ネオジムはEVや風力発電の磁石に不可欠で、年間需要は5万トンを超える。ジスプロシウムは磁石の高温耐性を高め、軍事(ミサイル誘導)やクリーンエネルギー(EVモーター)に欠かせない。ユウロピウムは蛍光体(ディスプレイの赤色発光)、イットリウムはセラミックスやレーザーに使われる。対して、ツリウムやホルミウムは医療や研究用途に限られ、商業的需要はほぼない。地域別に見ると、中国のバイユンオボは軽希土類が90%以上である。対して日本の南鳥島は重希土類に特化し、北朝鮮はその両方の可能性がある。このバラエティが重要である。「レアアース全体」として見るではなく、どの元素がどれだけ採れるかが争奪戦の焦点である。
大局的視点からの相対化
レアアースは地政学的な争いを生むが、それでも極めて深刻な問題とまでは言えない。たしかに重希土類の供給不足は、2030年までの緊張要因である。EV需要が現在の10倍(20万トン)に達し、中国の輸出制限が産業や軍事に打撃を与える可能性がある。米国はウクライナやアフリカ、日本は南鳥島、EUはリサイクルで対抗し、局地的な競争が起きる。しかし、世界経済全体で見ると、その影響は実際には限定的である。

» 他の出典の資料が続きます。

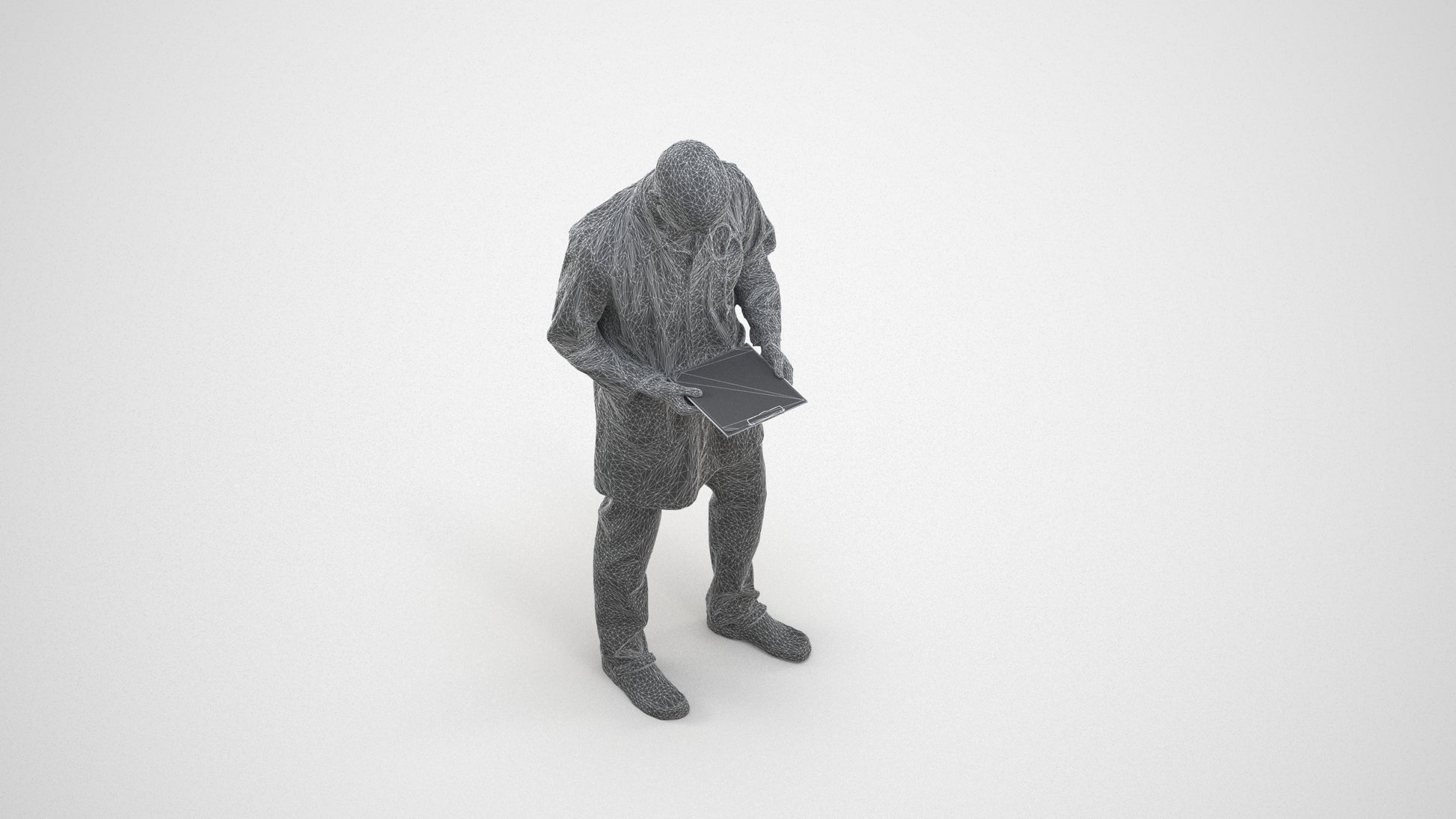3D scanned man medical, photorealistic archviz people for Enscape and SketchUp, wireframe three-quarter view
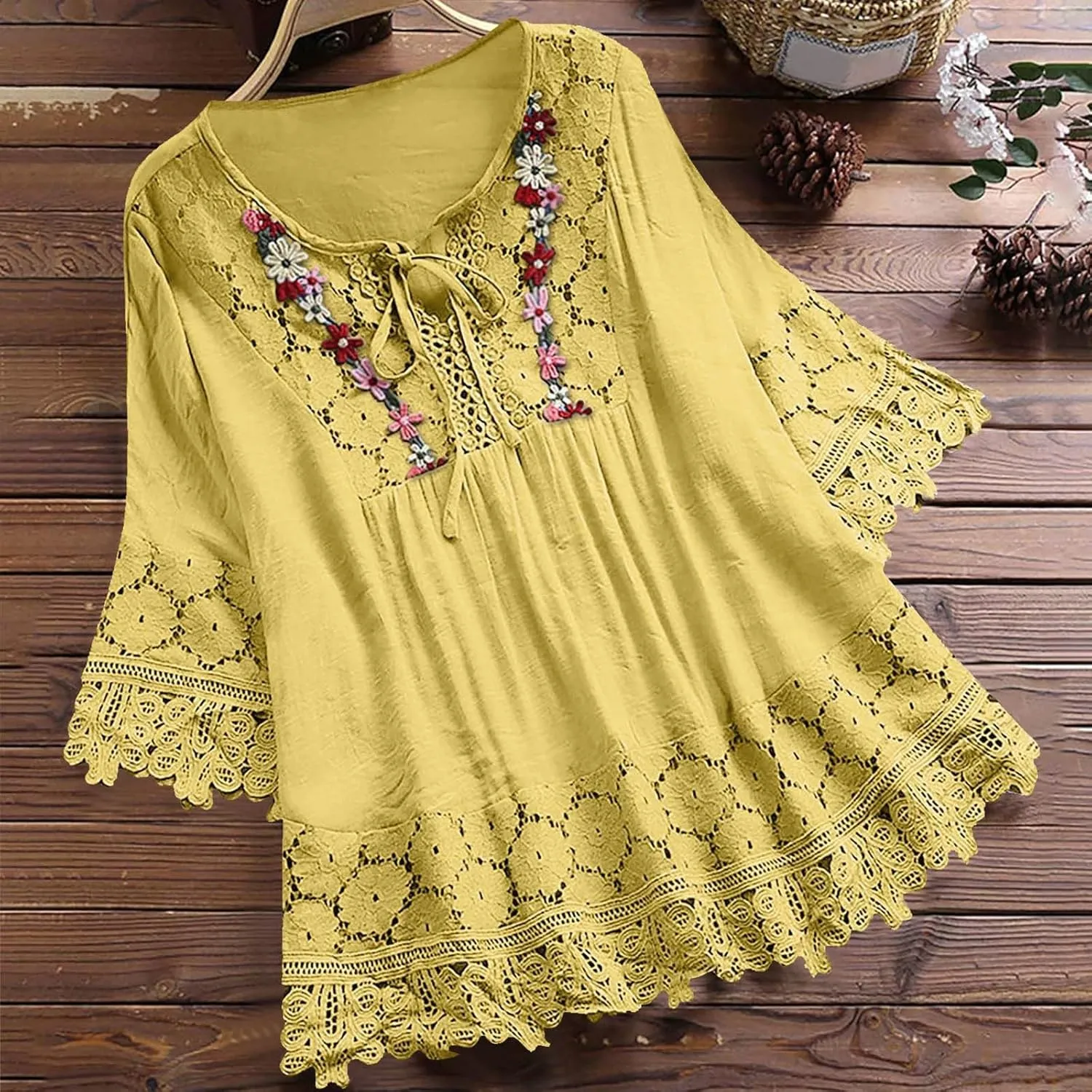 Womens Linen Shirts V-Neck Buttons Blouse Bohemian Boho Lightweight Tee Tops Short Sleeve Loose Fit T-Shirt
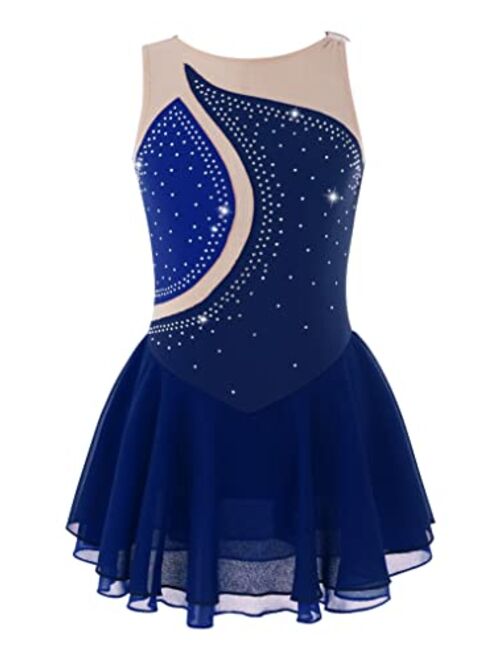 YUUMIN Girls Shiny Mock Neck Mesh Spliced Figure Ice Skating Dress Competition Dance Costumes Leotard Ballet Tutu Dress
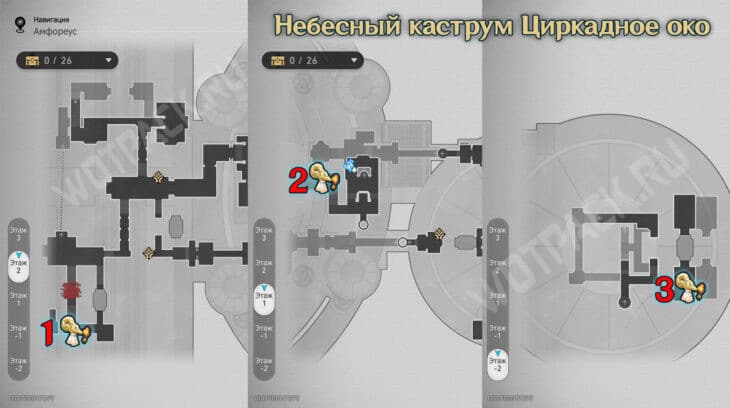 Расположение золотого руно отпущения на карте Небесного каструма Циркадного ока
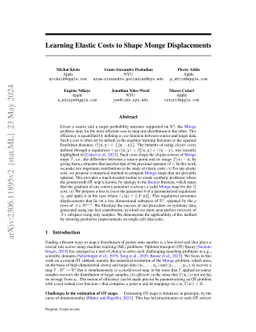 Learning Elastic Costs to Shape Monge Displacements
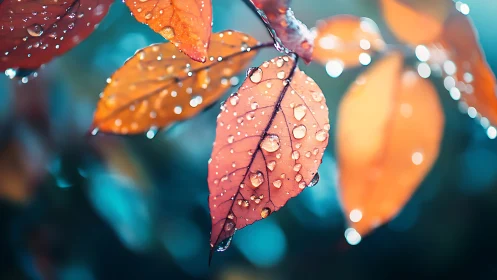 Macro study of wet autumn leaves with shallow depth-of-field bokeh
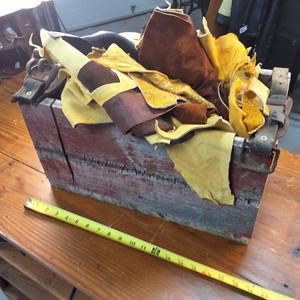 Barnwood constructed box (Amish) chock full of leather pieces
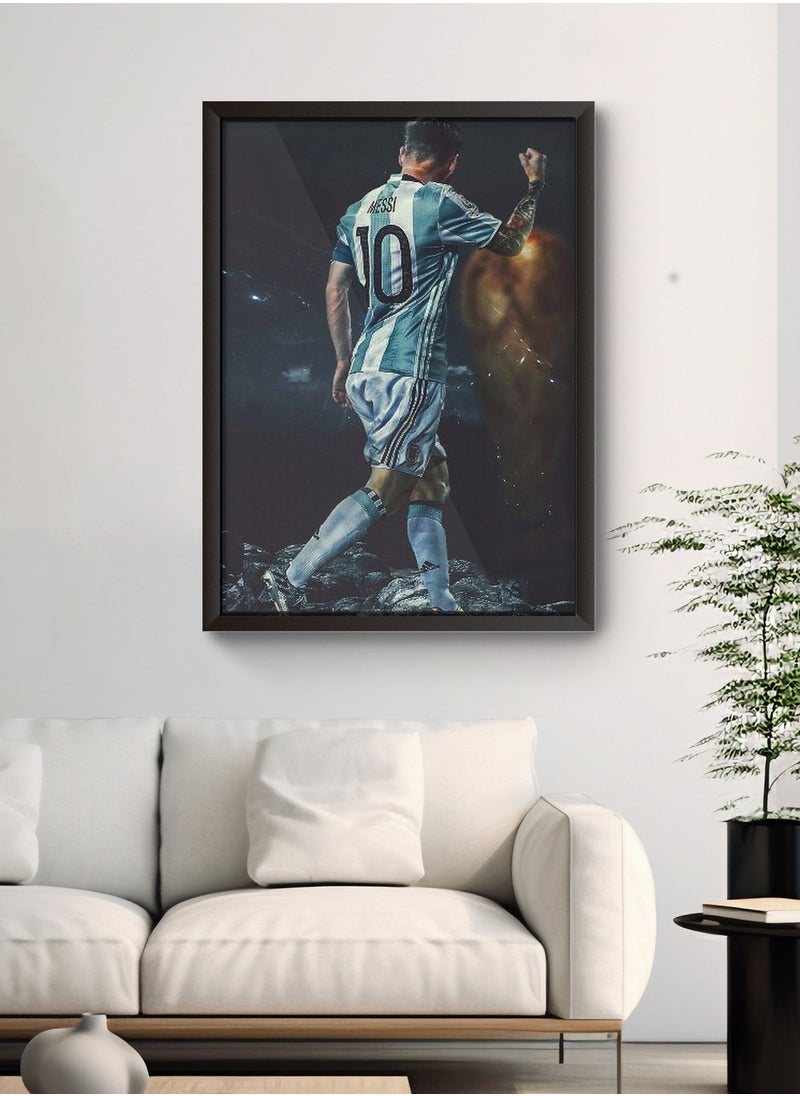 Framed and Printed Messi Football Themed Artwork – Wall Mount Friendly, Includes Hooks and Screws- 60 * 40 cm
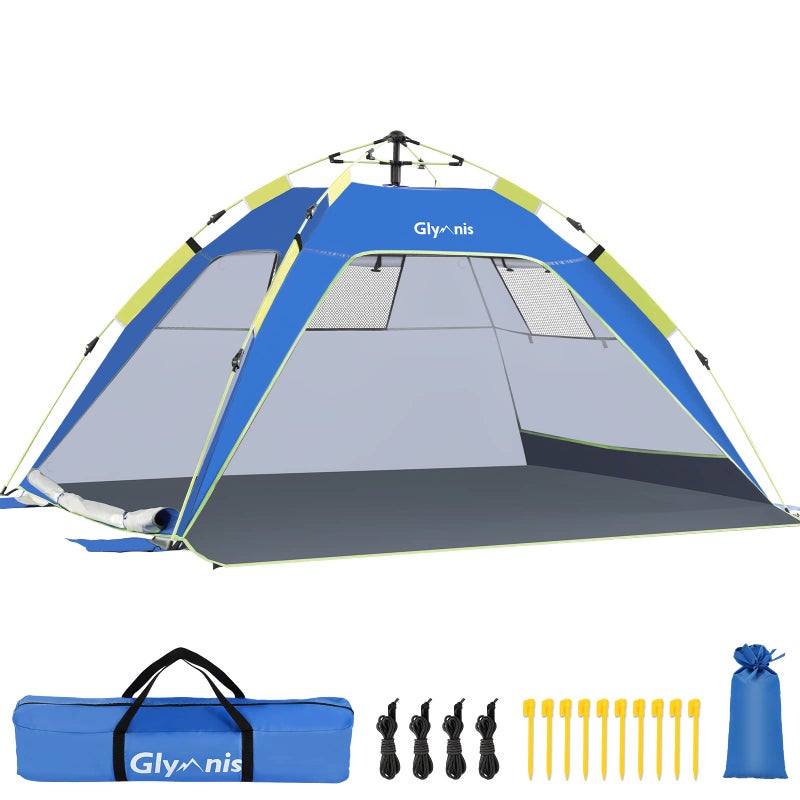 Glymnis Pop Up Beach Tent Sun Shade Shelter for 3-4 Person with UPF 50+, Lightweight & Easy Setup, Vent Windows & Zippered Door, Extended Floor Family Instant Beach Tent - Image 1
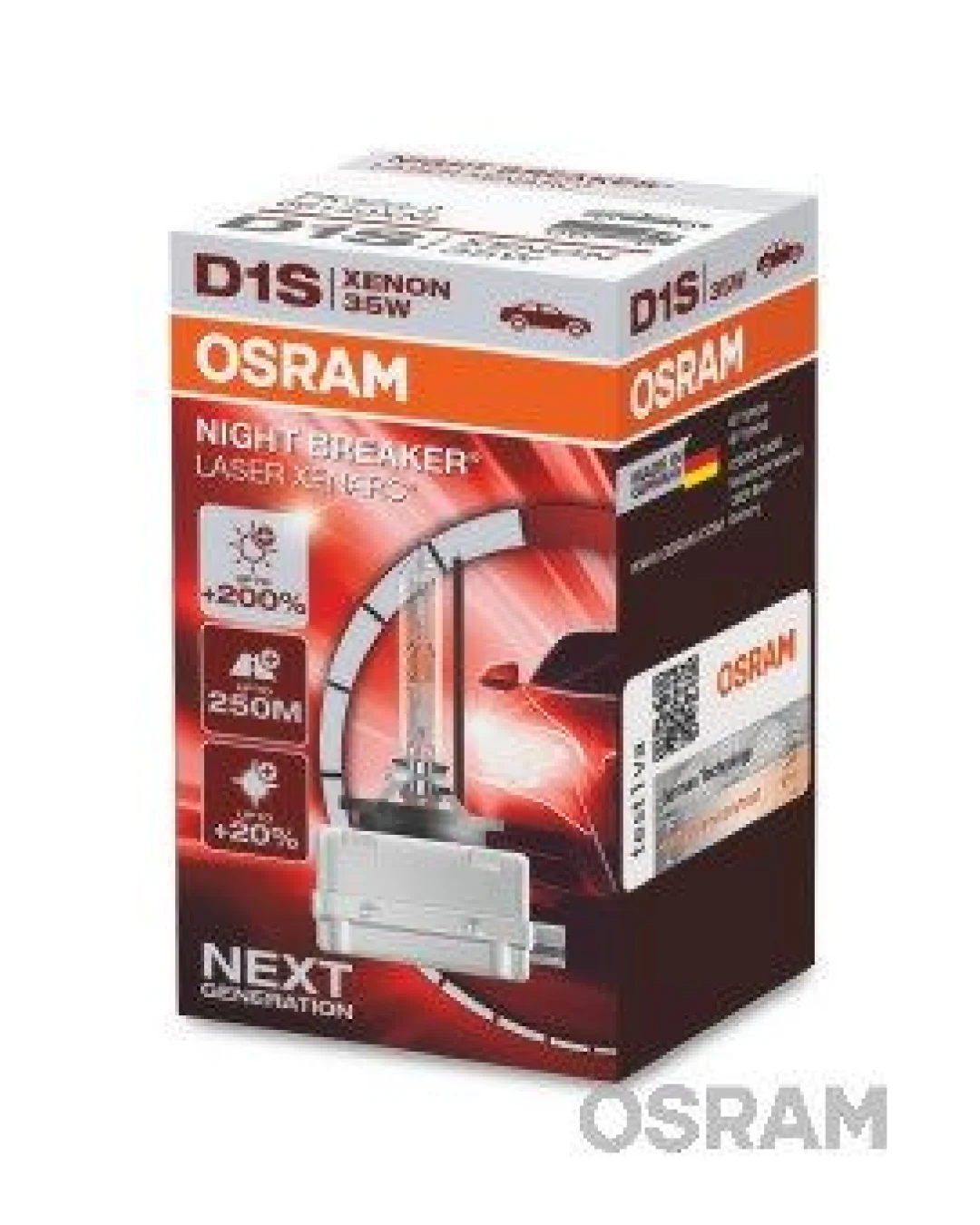 1 брой Крушка за фар xenon Osram D1S Night Breaker Laser +200%, 35W, PK32d-2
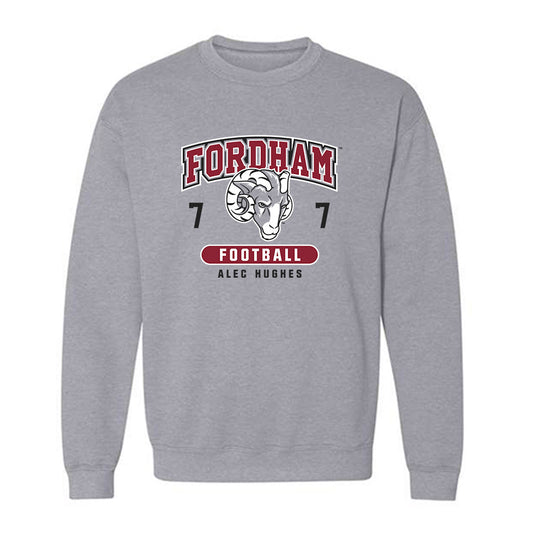 Fordham - NCAA Football : Alec Hughes - Fashion Shersey Crewneck Sweatshirt-0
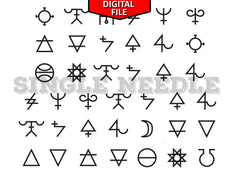 Mini Alchemy Symbols Tattoo Flash Sheet Stencil for Real Stick and Poke Tattoos - SINGLE NEEDLE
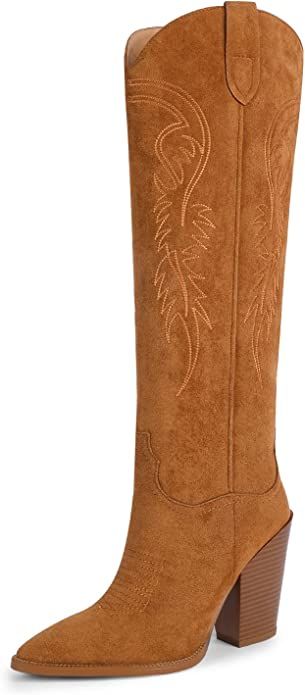 ISNOM Women's Western Boots Knee High Boots, Cowboy Cowgirl Embroidered Chunky Block Heel Pointed... | Amazon (US)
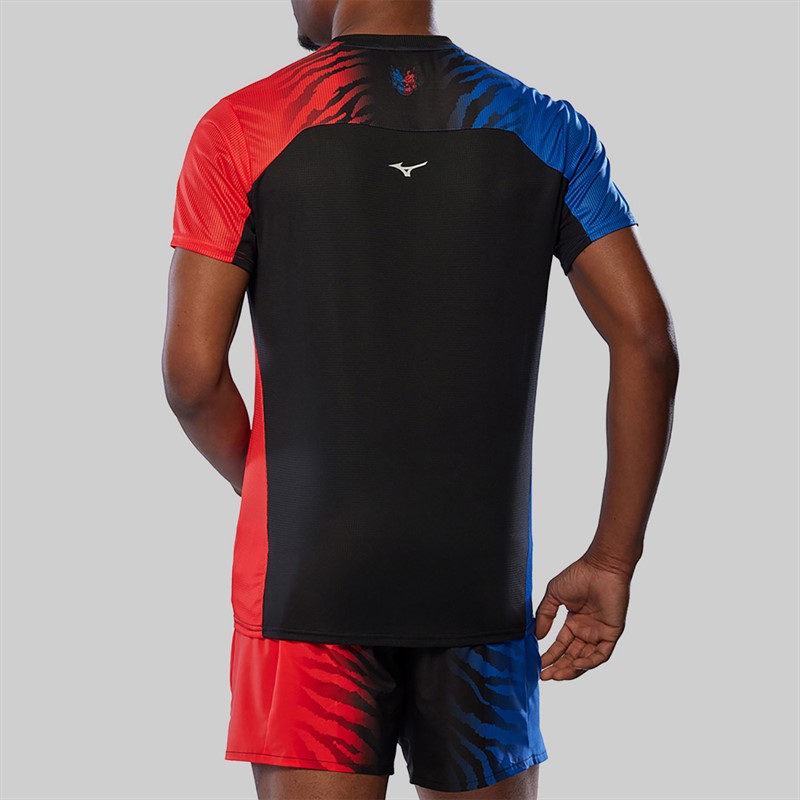 Mizuno Mens Dryaeroflow Graphic Running Top Oni Red/Oni Blue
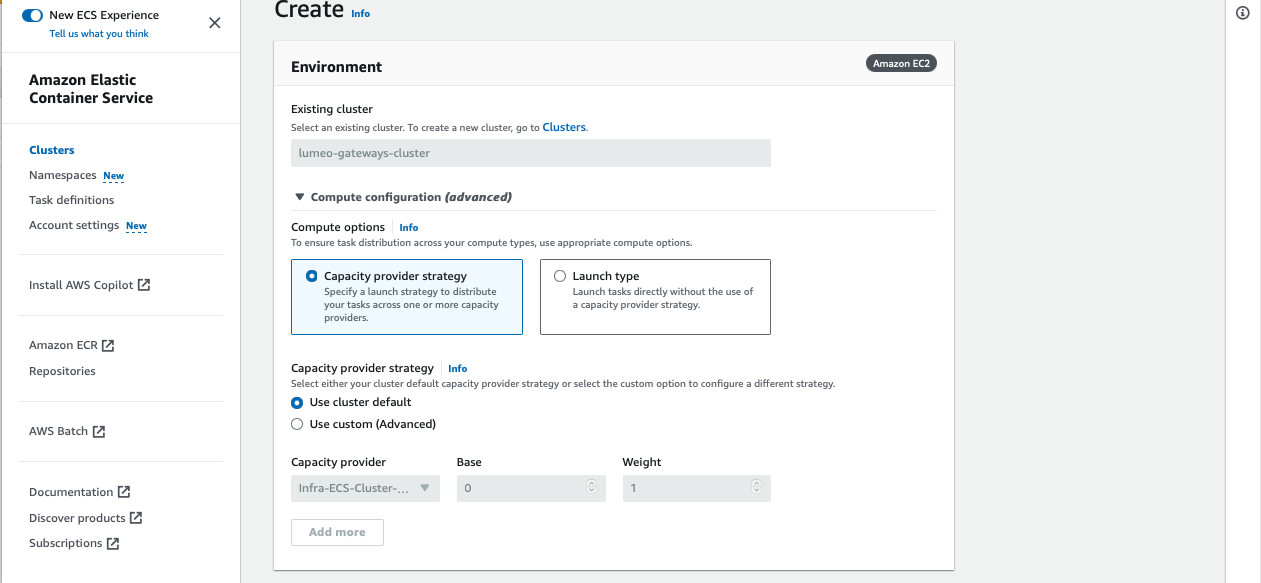 Create a new Service in the cluster. Choose default Capacity provider strategy.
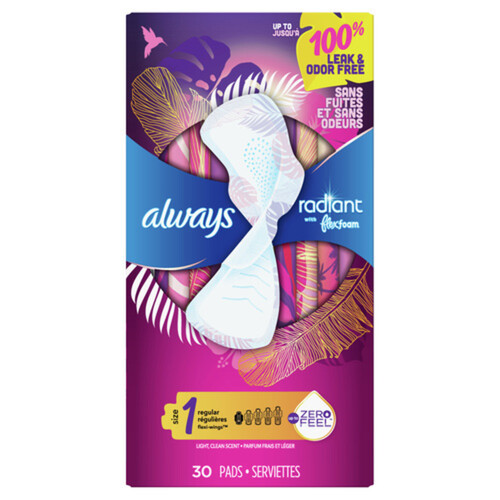 Always Radiant Infinity Pads Regular Size 1 With Wings 30 Count
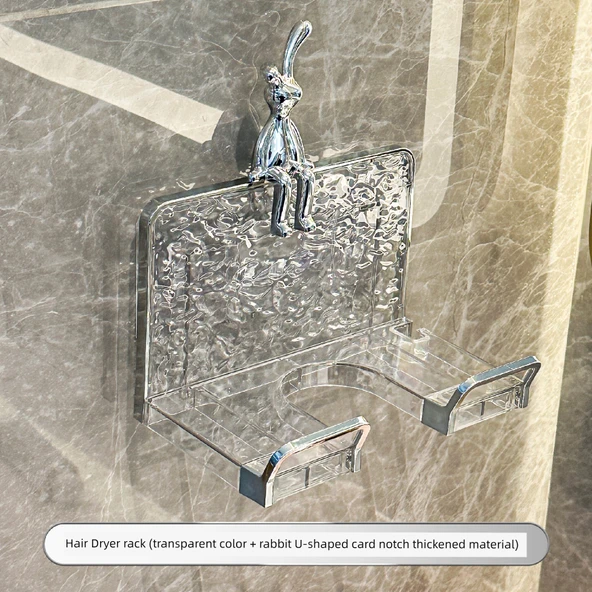 Banyo Duvar Tipi Saç Kurutma Makinesi Askısı - Şeffaf - Tavşanlı Basit Model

レアアースの市場規模は150億ドルで、世界GDP(100兆ドル)の0.015%に過ぎない。石油(3兆ドル)や半導体(6000億ドル)に比べ、経済への直接的打撃は小さい。仮に中国が全輸出を止めても、GDPへの影響は0.1~0.5%と試算される。また緩和要因もある。EUは2030年までに需要の25%をリサイクルで賄う計画だ。日本のトヨタはネオジム使用量を50%削減する磁石を開発し、代替技術が進む。アフリカやカナダの供給多角化も今後は進展する。
結局のところ、中国の支配が続く限りリスクは残るが、中期的には世界を揺るがすほどの課題ではない。レアアースは地政学のホットスポットの一つであるが、大局的にはニッチな問題に留まるだろう。